Which lines of the entries below run from the one holding "Thunder – summary" to the one holding "Converse Trampki Chuck", inclusive? Set down exactly those lines and no others.

## WORKING DATA
=== Section Start ===

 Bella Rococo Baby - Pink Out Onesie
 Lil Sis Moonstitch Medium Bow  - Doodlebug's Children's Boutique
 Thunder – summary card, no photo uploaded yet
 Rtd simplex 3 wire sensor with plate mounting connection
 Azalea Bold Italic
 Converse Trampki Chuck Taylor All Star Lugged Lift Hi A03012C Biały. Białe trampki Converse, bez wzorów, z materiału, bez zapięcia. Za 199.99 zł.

=== Section End ===
=== Section Start ===

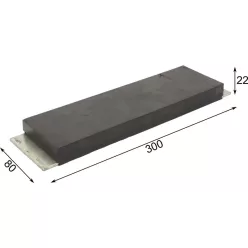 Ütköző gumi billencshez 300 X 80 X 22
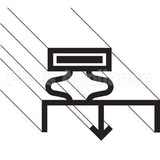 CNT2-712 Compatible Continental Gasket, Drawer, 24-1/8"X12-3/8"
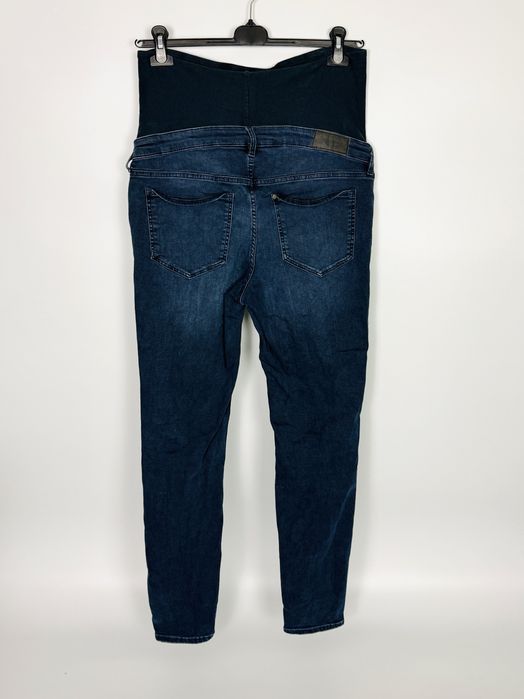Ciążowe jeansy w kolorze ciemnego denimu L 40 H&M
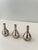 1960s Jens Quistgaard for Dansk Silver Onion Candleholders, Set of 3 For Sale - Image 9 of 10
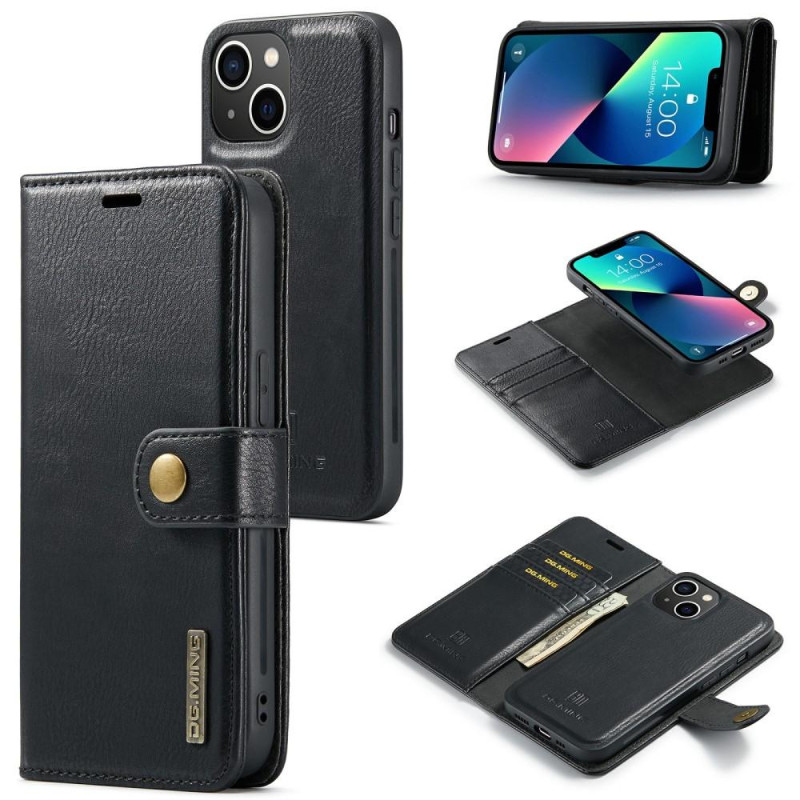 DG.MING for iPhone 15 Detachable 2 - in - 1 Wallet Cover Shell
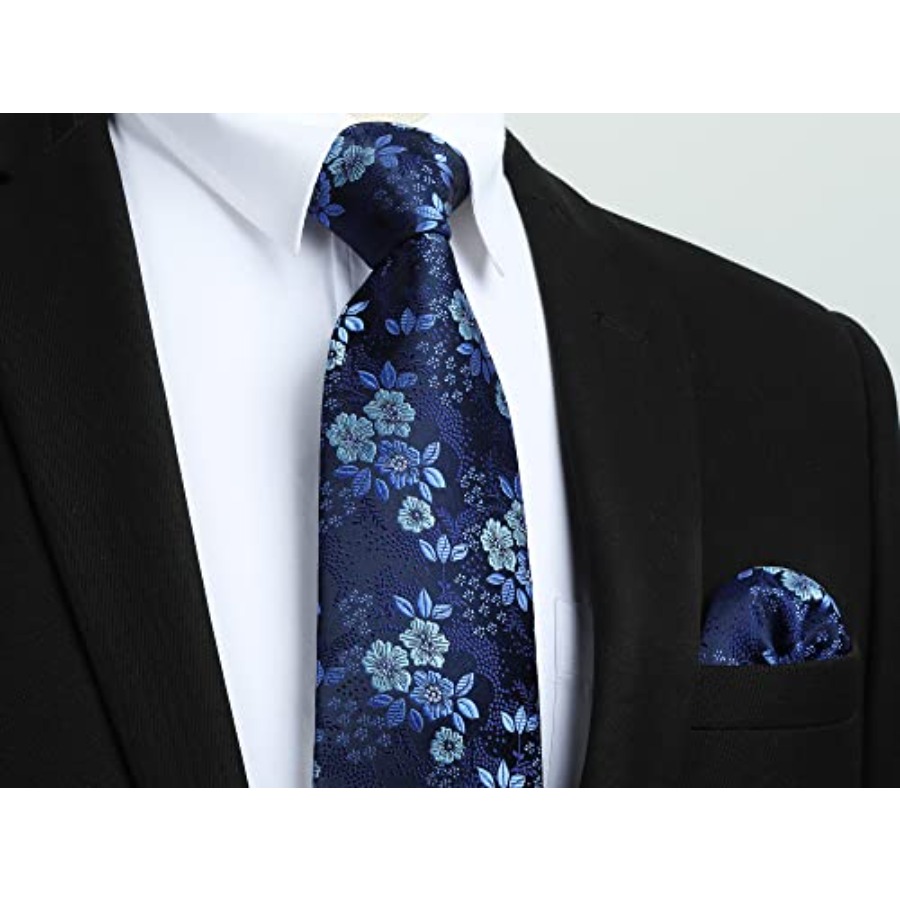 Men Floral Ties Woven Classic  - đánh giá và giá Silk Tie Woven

=== Section End ===

## REPLY TO THE TASK
 Thunder – summary card, no photo uploaded yet
 Rtd simplex 3 wire sensor with plate mounting connection
 Azalea Bold Italic
 Converse Trampki Chuck Taylor All Star Lugged Lift Hi A03012C Biały. Białe trampki Converse, bez wzorów, z materiału, bez zapięcia. Za 199.99 zł.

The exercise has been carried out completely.